WHAT YOU WILL DO: Beginning at the top of the entries below, retype each line exactly until the line containing "One of the other" has been written out; include no pictures and no later lines.

** Opening DATA block **

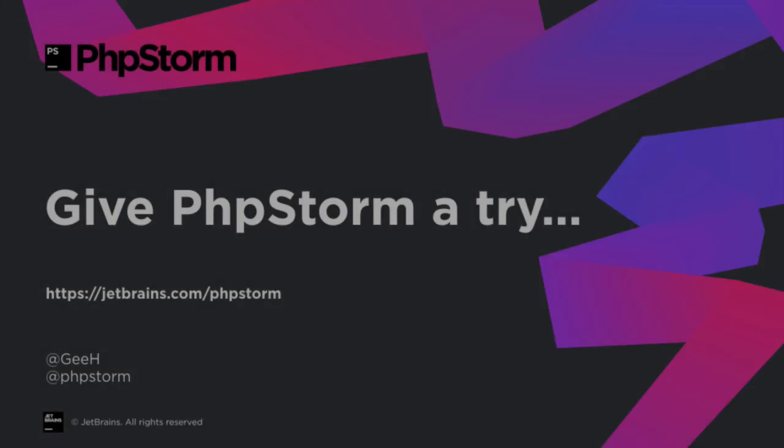Why not give PHPStorm a try? You can download a trial at JetBrains.com slash PHPStorm. Let us know what you think and thanks for watching.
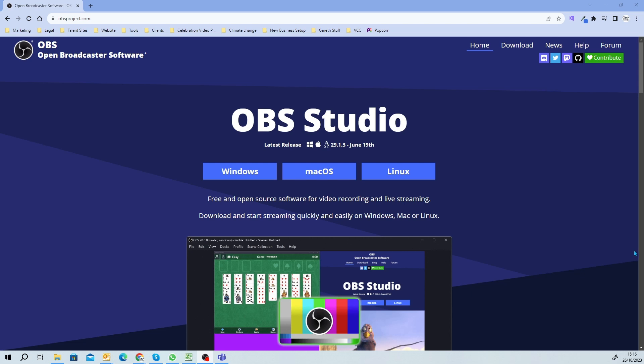One of the other fantastic things, especially if you've got stuff to show off on your website, is that you can share your screen. Here you can see the website is obsproject.com, downloadable for Windows, Mac OS, and Linux, which is fantastic. So if you want to learn how to create good quality video, this course is a must. You can easily set all this up, and it takes you just 20 minutes to record a video, improving your social media presence, credibility, and visibility.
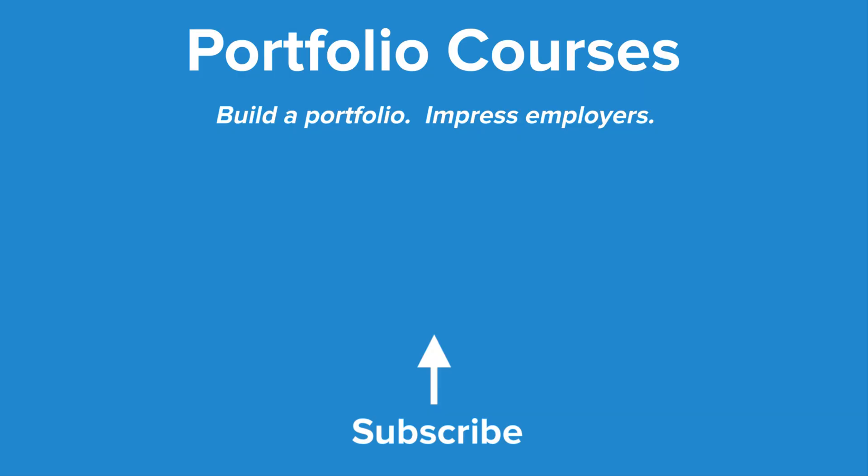Check out PortfolioCourses.com where we'll help you build a portfolio that will impress employers, including courses to help you develop C programming projects.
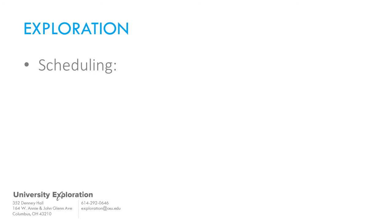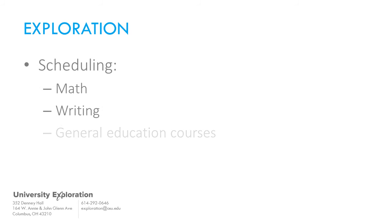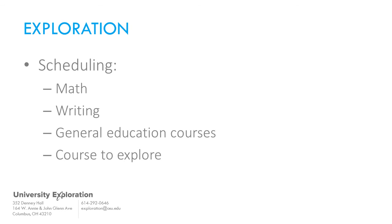Students interested in starting in general exploration should expect to take math, writing, and a combination of other general education courses that pique their interest. On occasion, these students, after consulting with an advisor, may challenge themselves by taking a course to explore a particular major.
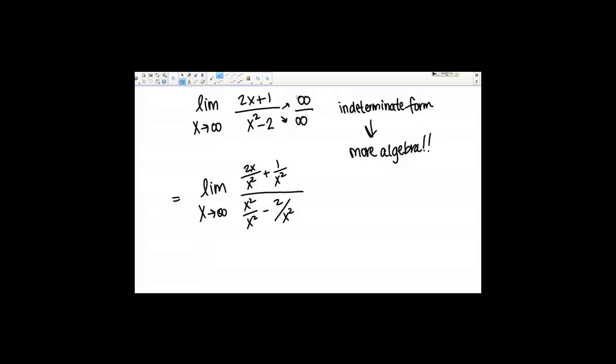Now, I'm allowed to say that these two limits are equivalent because I'm taking the limit as x goes to infinity, so I don't really care that the function is not defined at 0, which is now the case since I've done this, because I'm just looking at the limit for large numbers. So now let's simplify. 2x over x squared gives me 2 over x, and then I still have my plus 1 over x squared.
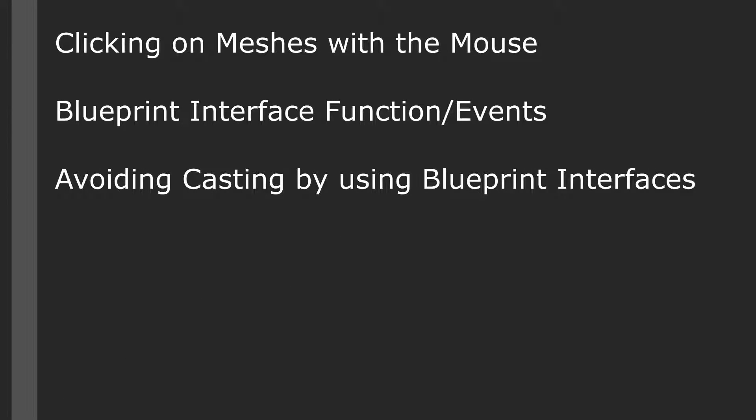In this video we're going to cover random stuff that I didn't have enough of to put in their own topic. Things such as enabling the ability to click on meshes with the mouse, the difference between blueprint interface functions and events, and how to avoid casting by using blueprint interfaces.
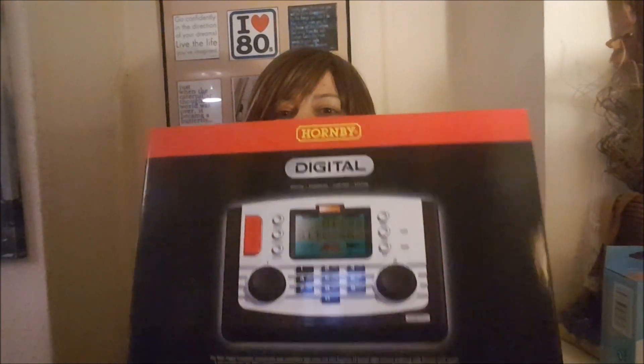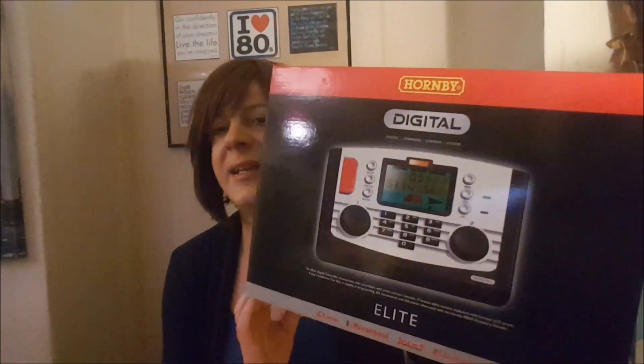Good evening everybody and a very warm welcome to Sherfield-on-Lodden and my new day which will end up being Ringwood South. Today I'd like to talk about the Hornby Elite.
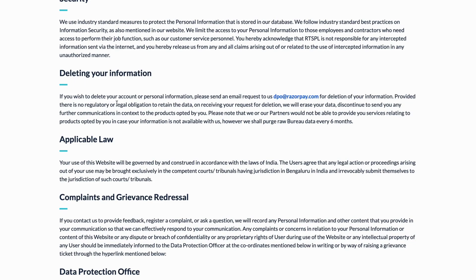Provided there's no regulatory or legal obligation to retain the data, on receiving your request for deletion we will erase your data and discontinue sending you any further communication in context to the products opened by you.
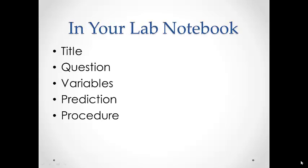So before coming to lab, you need to have a few things set up in your lab notebook. Please leave your data on the top.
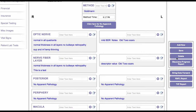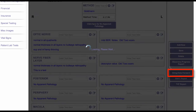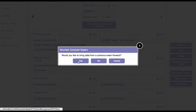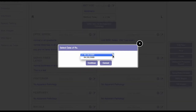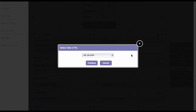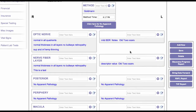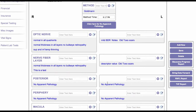You can bring data forward from a previous exam date just by clicking over there on the right, and it'll populate a drop-down box with the previous exams and you can just select one of those and it will populate all the boxes for you. And lastly, you can click the no apparent pathology button which will fill in all the empty boxes.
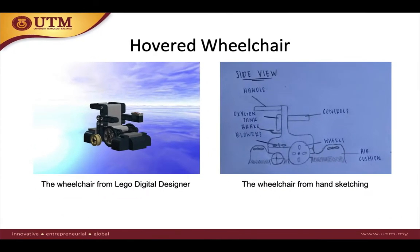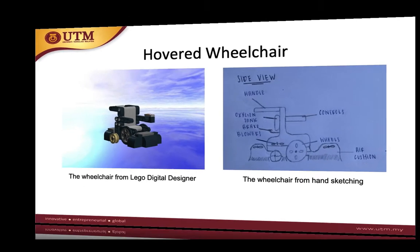In this slide you can see two pictures of my innovation of the Harvard wheelchair. The left side shows the wheelchair from the Lego Digital Designer that I made, and the right side is my hand sketch of the wheelchair. More details of the hand sketch will be explained in the next slide.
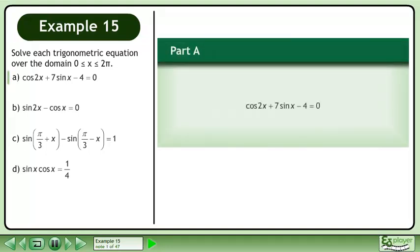Solve each trigonometric equation over the domain where x is between 0 and 2pi. In Part A, solve cos2x plus 7sinx minus 4 equals 0.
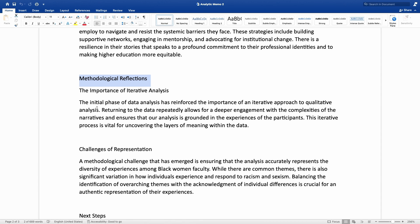He says the initial phase of data analysis has reinforced the importance of an iterative approach to qualitative analysis. Returning to the data repeatedly allows for deeper engagement with the complexities of the narratives and ensures that the analysis is grounded in the experiences of the participants. This iterative process is vital for uncovering the layers of meaning within the data. In summary, this process is iterative in nature — he needs to come back to the data, reread it, and engage with it at multiple levels.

** Closing DATA block **

SOLUTION TO THIS TASK:
Why not give PHPStorm a try? You can download a trial at JetBrains.com slash PHPStorm. Let us know what you think and thanks for watching.
One of the other fantastic things, especially if you've got stuff to show off on your website, is that you can share your screen. Here you can see the website is obsproject.com, downloadable for Windows, Mac OS, and Linux, which is fantastic. So if you want to learn how to create good quality video, this course is a must. You can easily set all this up, and it takes you just 20 minutes to record a video, improving your social media presence, credibility, and visibility.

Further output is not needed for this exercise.